PSCOs transfer is the latest in a series of moves that trimmed down the agencies under the Office of the President in an attempt to clean up and maximize revenue generation.
Earlier, the Department of Finance (DOF) took over the supervision of the Philippine Amusement and Gaming Corp (PAGCOR) but finance officials have already hit a stone wall trying to sort out the agencys finances.
Sources at the DOF disclosed over the weekend that after the transfer of PAGCOR, President Arroyo wanted the DSWD to have full control over PCSO for its own cash and capital requirements.
Sources said an executive order was being drafted, transferring the authority to the DSWD which would thereafter be charged to rationalize PSCOs income and the operation of some 50 PCSO lotto outlets in Metro Manila alone.
The transfer of PSCO to the DSWS is coming out shortly after the controversy over the resignation of DSWD Secretary Dinky Juliano-Soliman to give way to Vice President Noli de Castro.
De Castro has been promised by Mrs.

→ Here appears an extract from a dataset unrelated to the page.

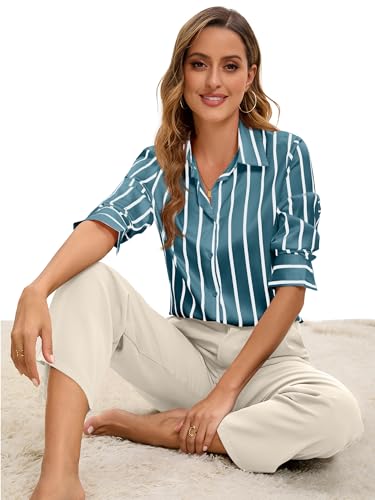 Image of Premium Soft Breathable Stretch Satin Silk Button Down Shirts for Women Long Sleeve Leopard Blouses Work Dress Tops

Arroyo to take over the DSWD once elected into office.
Malacanang has already transferred three revenue-generating agencies to the DOF.

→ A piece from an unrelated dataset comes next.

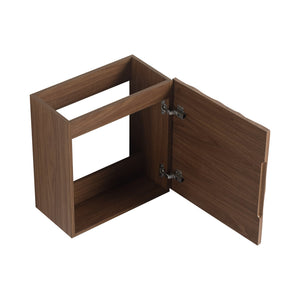 English Elm 18.5" Compact Wall-Mounted Bathroom Vanity With Stylish Resin Sink & Soft-Close Door, Walnut Finish W1972P362137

Transferred to the DOF were the Philippine Amusement and Gaming Corp. (PAGCOR), the Public Estates Authority and the Cooperative Development Authority.
Sources said DOF officials have met resistance specifically from PAGCOR as they initiated proceedings for the review of its financials and revenue targets.
According to Budget Secretary Emilia T. Boncodin, however, there was no reason for PAGCOR to delay opening up its financial sheets for a review.